The question of Mission is, “What should we do?” It’s the spiritual question of Purpose that all individuals ask of themselves. What should I do with my life?
We ask it every morning, “What should I do today?” We ask it throughout the day, “What should I do now? What should I do next?” And we ask it of the largest questions of life. Should I go to university? Should I take that job? Should I marry Bill? Should I forgive my mother? Should I move to the nursing home? What should I do?
As Mary Oliver asks in her poem titled, “The Summer Day”:
“Tell me, what is it you plan to do
with your one wild and precious life?
Our church needs to ask that question, too. Any organization does. What should we do with this wild and precious church? What are we here to do?
To start this series I pointed out, using the example of Martin Luther King, that Mission arises at the intersection where a person’s or an organization’s unique set of interests and skills, meets the needs of the larger world.
We start with knowing who we are. This is us. This is what we care about, are passionate about, wanting to work on. This is what we can do, what we’re skilled at, and particularly, here are some areas of work we are uniquely suited to do, more so than other persons and organizations.

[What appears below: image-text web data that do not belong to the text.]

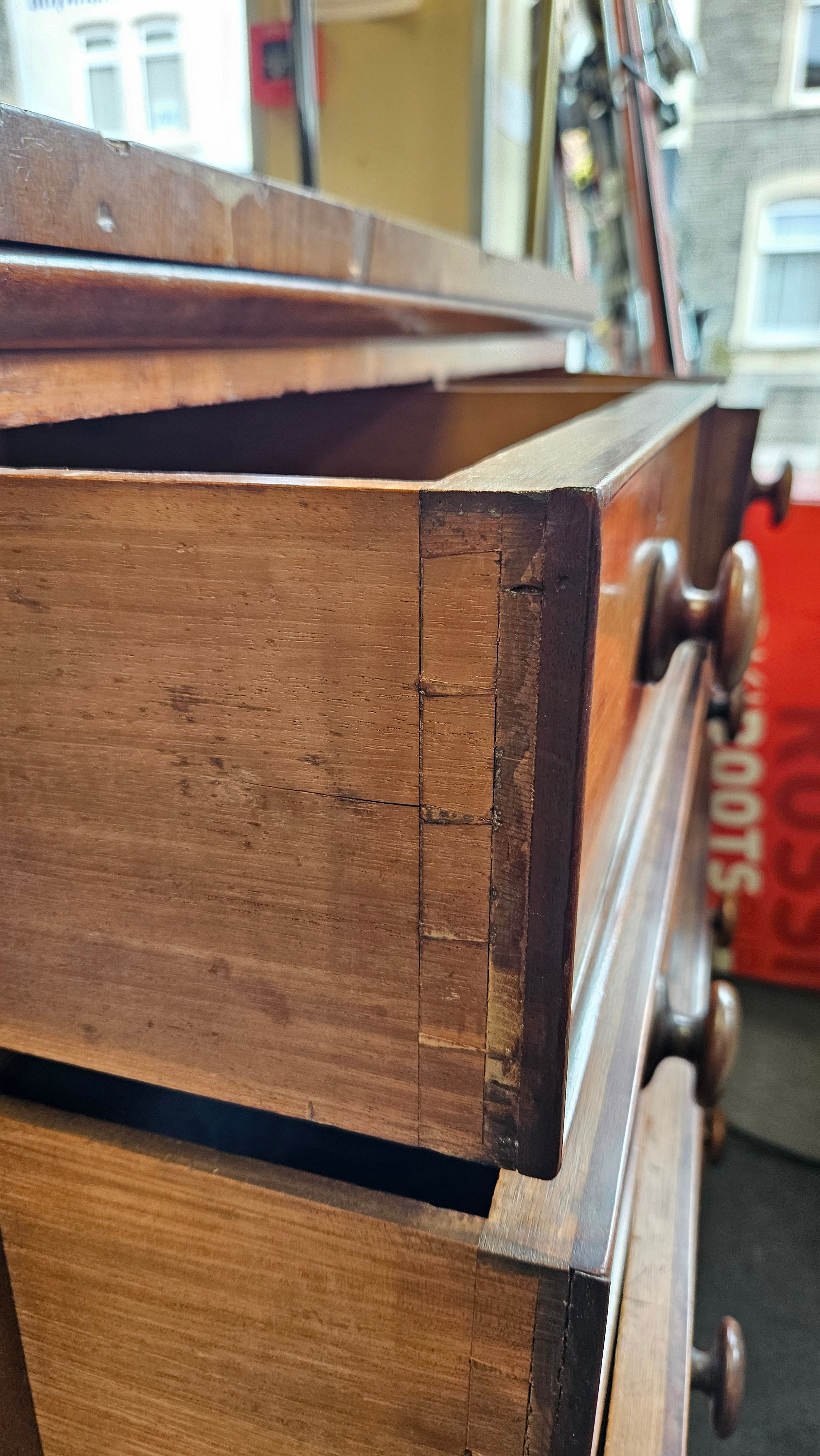 Chest of drawers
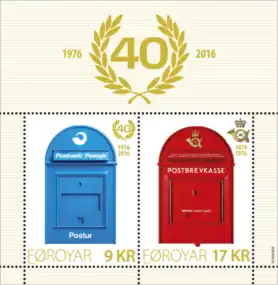 Blå postkasse afløste 1976 den røde danske.9- og 17-kroners mærker ved 40-års jubilæum 2016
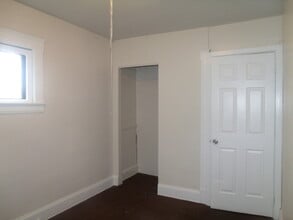 1909 Treadway Ave in Cleveland, OH - Building Photo - Building Photo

But we can’t just follow our bliss. We can’t all be pop stars and basketball players. Merely wanting to be an actor or a poet, or a fashion designer, isn’t enough. Discovering our mission also requires that we ask, “What does the world need?” Where do my passions for doing intersect with a doing the world needs done? That’s mission.
But there’s one more complication in finding your mission.

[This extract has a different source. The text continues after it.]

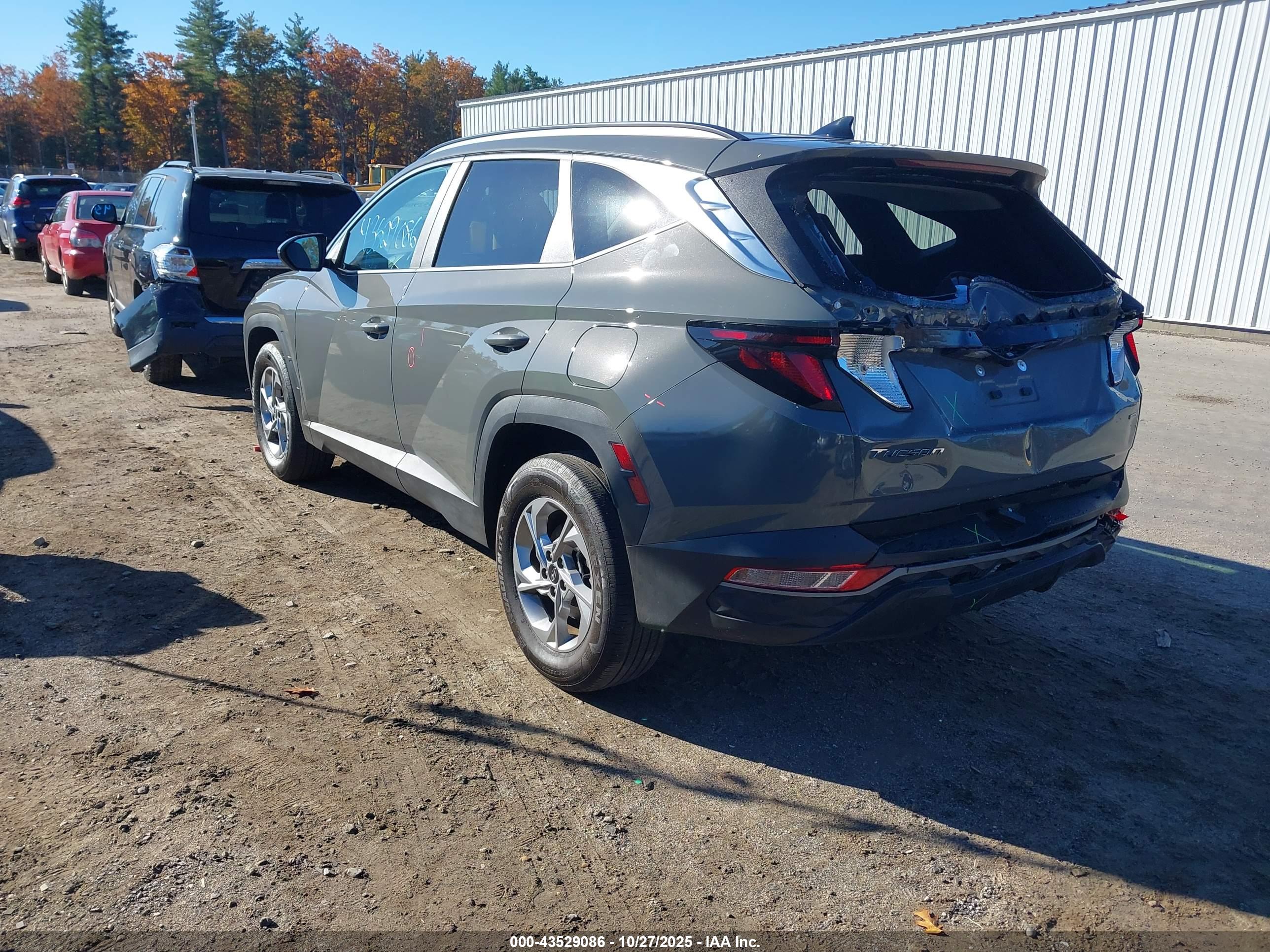 HYUNDAI TUCSON image 3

The world and its needs are constantly changing.
There aren’t a lot of jobs for blacksmiths any more.
If you grew up wanting to be a court jester, or a soothsayer, or even a typist, you’re probably too late. Some of you are probably old enough to remember when a computer was a person who was employed to make computations. Sure they had copiers in the middle ages, but not copier machines: a copier was a monk whose mission was to sit down at a desk and write out new copies of old manuscripts.

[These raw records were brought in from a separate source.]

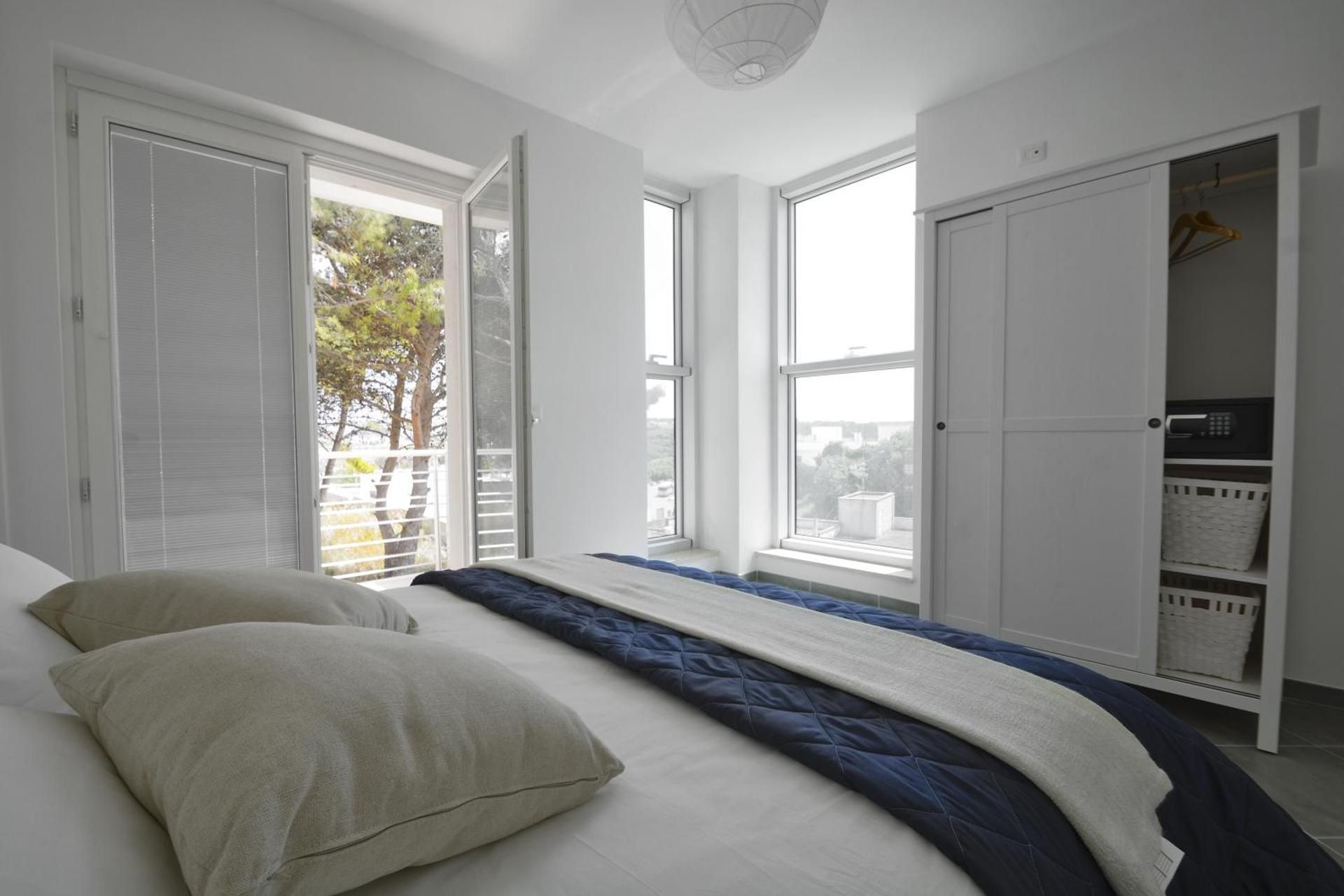 One-Bedroom Apartment with Balcony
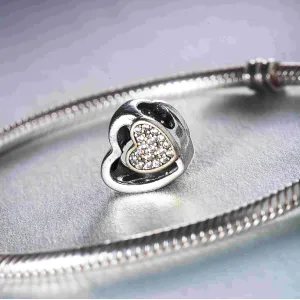 Серебряный шарм с фианитами Вечная любовь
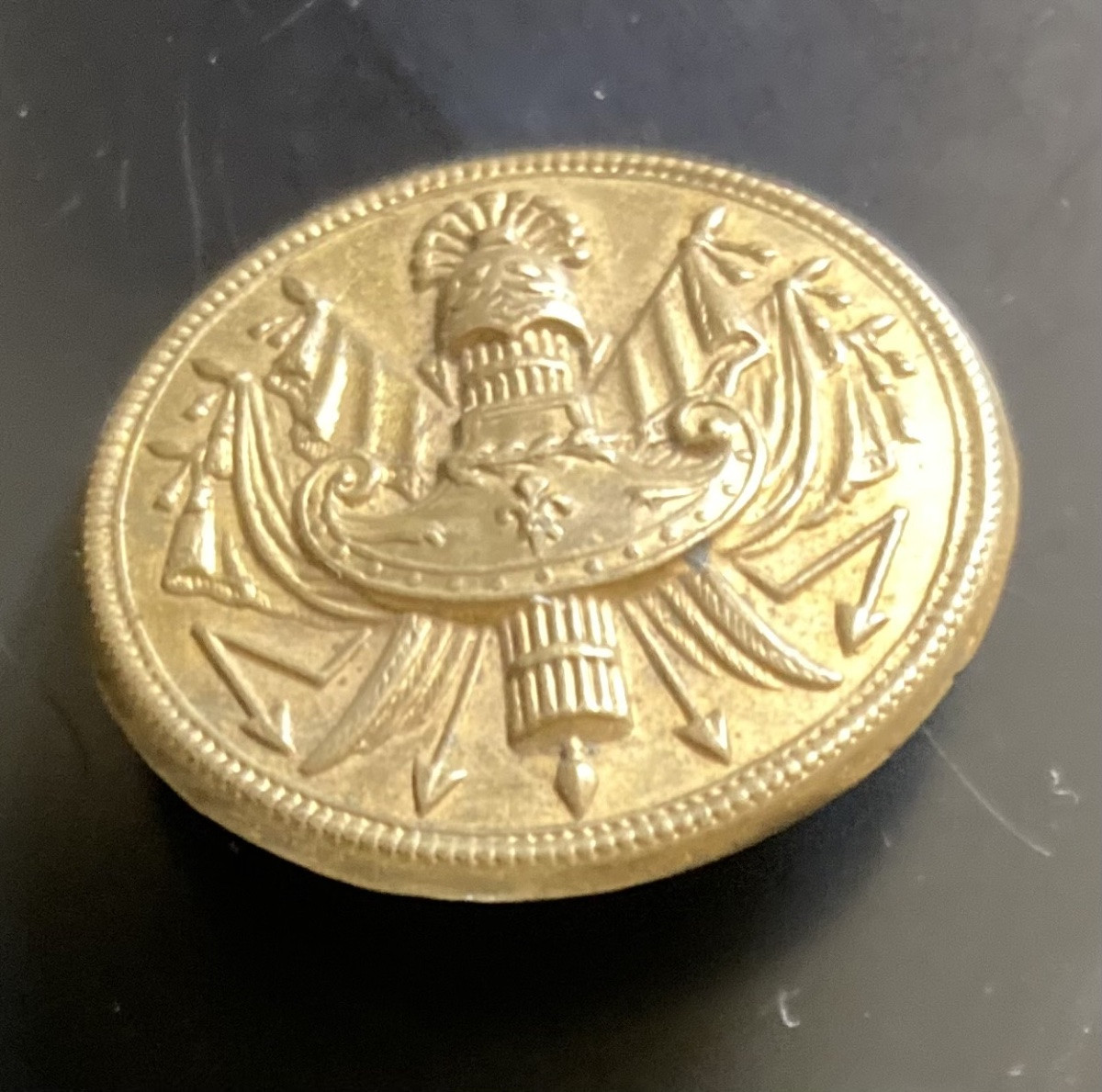 Bouton  d’Uniforme de modèle de Camp ou Lieutenant -Général .1ére Restauration . France .-photo-2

So it’s best if we don’t define our mission too narrowly around one specific task. That’s a guarantee to be out of date quickly. Instead, we look at the perennial needs of the world. The general persistent needs that will always be with us.
The world doesn’t depend on horses for transportation any more so there’s not a need for a lot of horseshoes, but people do still need transportation. And if providing transportation solutions for people is your thing, you’ve got a mission for life.
The most basic of perennial human needs is community. Human beings are social creatures. We seek for ways and places to come together, to be with each other. Once we’re gathered, we’ll find something to do, but the basic need is just to gather.
That’s the core and primary mission of a church. That’s our focus every day. Work to build and sustain our community. Community is something we’re passionate about doing, uniquely good at doing, and the world desperately needs done.
And then from our core and primary mission of community, we distinguish ourselves from other community organizations by a handful of areas of work that are particular to a church.
Why would you come to a church, instead a social club? Why would you come to a church, instead of volunteering at a non-profit organization devoted to a single cause you care about? We’re not a political organization. We’re not a school, or a glee club, or a gym, or a support group, although we do some of all of the things those organizations do. We’re a church. And we, like other churches, do church-y things. A handful of them. That’s our niche.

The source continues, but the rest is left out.